Pelajar NU Pasean - Tayangan di salah satu program Trans7 baru-baru ini menuai kecaman keras dari kalangan pesantren. Pasalnya, isi siaran tersebut dinilai melecehkan tradisi santri dan menyinggung kehormatan para kiai, terutama yang disebut-sebut berasal dari Pondok Pesantren Lirboyo, Kediri.
Sebagai Ketua PAC IPNU Pasean, saya merasa terpanggil untuk bersuara. Ini bukan hanya soal konten televisi, tapi tentang marwah pesantren yang selama ini menjadi benteng moral bangsa. Tradisi menghormati kiai, adab santri terhadap guru, dan kehidupan sederhana di pesantren bukan bahan candaan yang bisa dijadikan hiburan publik.
Kita, para pelajar NU, tumbuh dalam suasana di mana ngaji dan ngabdi adalah bagian dari ibadah. Ketika ada media besar seperti Trans7 yang menggambarkan pesantren dengan nada sinis dan seolah-olah penuh ketertinggalan, itu sama saja menodai perjuangan para ulama dan santri yang telah mencerdaskan bangsa jauh sebelum era digital datang.

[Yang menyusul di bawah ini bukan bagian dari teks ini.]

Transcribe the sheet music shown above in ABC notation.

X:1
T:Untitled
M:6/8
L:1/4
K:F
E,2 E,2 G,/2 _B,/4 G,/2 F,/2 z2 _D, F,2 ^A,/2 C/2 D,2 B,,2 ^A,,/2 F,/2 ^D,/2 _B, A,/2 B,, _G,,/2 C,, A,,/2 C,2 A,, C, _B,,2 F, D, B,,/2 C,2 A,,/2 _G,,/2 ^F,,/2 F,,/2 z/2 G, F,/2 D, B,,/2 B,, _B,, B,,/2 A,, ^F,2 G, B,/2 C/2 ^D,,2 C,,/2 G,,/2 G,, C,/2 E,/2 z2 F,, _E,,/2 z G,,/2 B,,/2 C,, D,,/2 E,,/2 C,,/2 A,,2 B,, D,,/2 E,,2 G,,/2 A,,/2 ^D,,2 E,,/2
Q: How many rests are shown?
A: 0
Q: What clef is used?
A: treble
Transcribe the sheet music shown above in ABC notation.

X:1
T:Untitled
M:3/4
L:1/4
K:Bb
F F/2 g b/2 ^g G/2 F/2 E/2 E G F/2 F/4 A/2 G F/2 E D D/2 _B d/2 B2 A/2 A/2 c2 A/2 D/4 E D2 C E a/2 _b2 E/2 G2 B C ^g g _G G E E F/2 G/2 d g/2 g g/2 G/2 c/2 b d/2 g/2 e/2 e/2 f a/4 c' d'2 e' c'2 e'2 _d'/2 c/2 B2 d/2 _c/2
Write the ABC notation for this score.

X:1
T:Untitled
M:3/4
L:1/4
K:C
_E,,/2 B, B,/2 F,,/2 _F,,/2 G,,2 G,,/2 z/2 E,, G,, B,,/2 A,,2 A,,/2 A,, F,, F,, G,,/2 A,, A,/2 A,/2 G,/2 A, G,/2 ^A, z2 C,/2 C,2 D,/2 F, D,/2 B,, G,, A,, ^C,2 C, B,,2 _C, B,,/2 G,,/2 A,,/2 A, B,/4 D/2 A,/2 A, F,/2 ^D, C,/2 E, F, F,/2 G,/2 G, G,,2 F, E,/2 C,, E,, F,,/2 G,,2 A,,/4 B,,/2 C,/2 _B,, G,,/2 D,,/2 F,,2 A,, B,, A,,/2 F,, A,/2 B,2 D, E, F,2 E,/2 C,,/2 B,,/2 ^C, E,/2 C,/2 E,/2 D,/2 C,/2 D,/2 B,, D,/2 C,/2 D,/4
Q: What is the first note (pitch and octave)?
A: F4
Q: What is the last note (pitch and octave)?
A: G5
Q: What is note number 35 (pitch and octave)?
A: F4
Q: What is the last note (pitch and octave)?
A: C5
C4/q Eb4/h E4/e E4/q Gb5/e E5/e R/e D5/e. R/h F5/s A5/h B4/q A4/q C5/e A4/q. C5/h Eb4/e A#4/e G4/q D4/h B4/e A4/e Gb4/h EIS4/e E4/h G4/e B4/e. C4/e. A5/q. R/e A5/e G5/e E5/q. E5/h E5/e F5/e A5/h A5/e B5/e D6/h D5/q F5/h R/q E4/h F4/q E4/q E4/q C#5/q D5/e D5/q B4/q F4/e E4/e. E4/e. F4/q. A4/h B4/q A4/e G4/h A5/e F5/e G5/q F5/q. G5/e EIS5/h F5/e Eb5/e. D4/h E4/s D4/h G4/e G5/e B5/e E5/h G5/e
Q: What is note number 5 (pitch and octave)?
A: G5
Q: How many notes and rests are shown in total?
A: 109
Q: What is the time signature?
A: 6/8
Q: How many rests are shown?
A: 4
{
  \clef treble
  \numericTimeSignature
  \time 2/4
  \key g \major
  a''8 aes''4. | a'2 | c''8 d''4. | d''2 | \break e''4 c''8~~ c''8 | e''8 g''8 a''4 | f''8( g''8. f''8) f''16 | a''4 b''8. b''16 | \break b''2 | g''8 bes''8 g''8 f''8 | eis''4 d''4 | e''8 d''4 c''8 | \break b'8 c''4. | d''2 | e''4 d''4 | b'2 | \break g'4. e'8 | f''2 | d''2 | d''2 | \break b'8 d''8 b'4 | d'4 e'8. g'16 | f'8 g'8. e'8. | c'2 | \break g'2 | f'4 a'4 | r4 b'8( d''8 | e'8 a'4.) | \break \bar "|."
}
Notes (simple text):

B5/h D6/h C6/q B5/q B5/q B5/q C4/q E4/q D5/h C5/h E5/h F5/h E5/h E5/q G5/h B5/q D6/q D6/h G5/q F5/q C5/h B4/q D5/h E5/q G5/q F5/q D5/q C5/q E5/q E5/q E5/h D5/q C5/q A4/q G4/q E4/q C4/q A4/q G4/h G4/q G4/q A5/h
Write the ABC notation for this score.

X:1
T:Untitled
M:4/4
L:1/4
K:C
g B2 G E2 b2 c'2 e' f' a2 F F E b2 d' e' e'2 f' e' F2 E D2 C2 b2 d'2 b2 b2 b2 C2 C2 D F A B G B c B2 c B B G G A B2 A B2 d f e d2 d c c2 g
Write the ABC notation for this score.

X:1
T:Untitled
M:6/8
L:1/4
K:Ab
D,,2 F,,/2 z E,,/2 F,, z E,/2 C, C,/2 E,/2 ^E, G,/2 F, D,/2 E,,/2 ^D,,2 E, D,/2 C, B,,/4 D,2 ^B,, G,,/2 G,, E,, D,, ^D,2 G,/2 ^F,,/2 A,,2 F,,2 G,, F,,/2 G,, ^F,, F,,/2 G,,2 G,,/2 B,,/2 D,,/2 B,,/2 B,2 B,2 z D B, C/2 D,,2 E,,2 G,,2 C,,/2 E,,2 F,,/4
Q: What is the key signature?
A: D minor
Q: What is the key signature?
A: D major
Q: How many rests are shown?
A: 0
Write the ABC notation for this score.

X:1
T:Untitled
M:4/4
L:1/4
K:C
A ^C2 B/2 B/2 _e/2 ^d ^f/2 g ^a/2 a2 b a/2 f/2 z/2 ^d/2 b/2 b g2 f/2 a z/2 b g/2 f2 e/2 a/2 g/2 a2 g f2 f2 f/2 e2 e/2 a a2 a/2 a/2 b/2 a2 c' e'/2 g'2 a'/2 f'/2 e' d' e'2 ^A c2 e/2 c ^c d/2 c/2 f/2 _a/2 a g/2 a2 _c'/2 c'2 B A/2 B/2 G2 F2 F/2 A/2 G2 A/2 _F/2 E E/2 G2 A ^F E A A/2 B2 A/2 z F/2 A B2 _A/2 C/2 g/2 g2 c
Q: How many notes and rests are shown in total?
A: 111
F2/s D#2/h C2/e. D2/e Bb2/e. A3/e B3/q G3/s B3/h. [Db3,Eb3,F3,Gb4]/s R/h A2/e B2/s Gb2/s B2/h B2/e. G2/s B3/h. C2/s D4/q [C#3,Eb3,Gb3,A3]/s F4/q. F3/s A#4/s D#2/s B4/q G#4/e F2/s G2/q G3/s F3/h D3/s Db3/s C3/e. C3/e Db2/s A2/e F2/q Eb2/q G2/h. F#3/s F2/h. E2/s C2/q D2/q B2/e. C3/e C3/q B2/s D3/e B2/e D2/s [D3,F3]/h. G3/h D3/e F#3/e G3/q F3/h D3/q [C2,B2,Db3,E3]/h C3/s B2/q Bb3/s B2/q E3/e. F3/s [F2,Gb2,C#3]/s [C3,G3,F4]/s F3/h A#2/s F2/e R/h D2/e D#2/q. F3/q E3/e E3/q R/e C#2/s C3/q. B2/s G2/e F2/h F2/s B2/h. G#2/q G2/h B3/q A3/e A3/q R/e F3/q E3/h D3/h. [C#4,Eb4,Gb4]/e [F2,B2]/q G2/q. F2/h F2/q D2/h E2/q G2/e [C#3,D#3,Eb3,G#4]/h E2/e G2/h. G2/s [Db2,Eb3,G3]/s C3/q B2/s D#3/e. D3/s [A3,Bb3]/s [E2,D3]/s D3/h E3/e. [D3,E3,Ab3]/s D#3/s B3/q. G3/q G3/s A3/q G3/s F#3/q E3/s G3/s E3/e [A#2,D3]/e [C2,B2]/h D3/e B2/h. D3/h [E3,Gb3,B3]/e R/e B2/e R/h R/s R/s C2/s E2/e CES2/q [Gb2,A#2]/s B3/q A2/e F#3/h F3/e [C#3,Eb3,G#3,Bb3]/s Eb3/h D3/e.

Saya menilai, permintaan maaf yang dikeluarkan Trans7 hanyalah langkah awal. Tapi tidak cukup. Luka batin umat tidak akan sembuh hanya dengan selembar surat klarifikasi. Harus ada tindakan nyata - evaluasi redaksi, dialog terbuka dengan pihak pesantren, dan komitmen untuk tidak mengulang kesalahan yang sama.
Kami di IPNU Pasean akan terus mengawal isu ini. Karena bagi kami, membela kiai dan pesantren bukan sekadar sikap emosional - ini adalah panggilan nurani, panggilan santri. Kami tidak anti kritik, tapi kami menolak keras penghinaan yang dibungkus dengan istilah “kebebasan berekspresi.”
Pesantren adalah pusat peradaban, bukan objek ejekan. Para kiai adalah guru bangsa, bukan bahan lelucon di layar kaca. Dan kami, para santri, tidak akan pernah diam ketika kehormatan itu diinjak.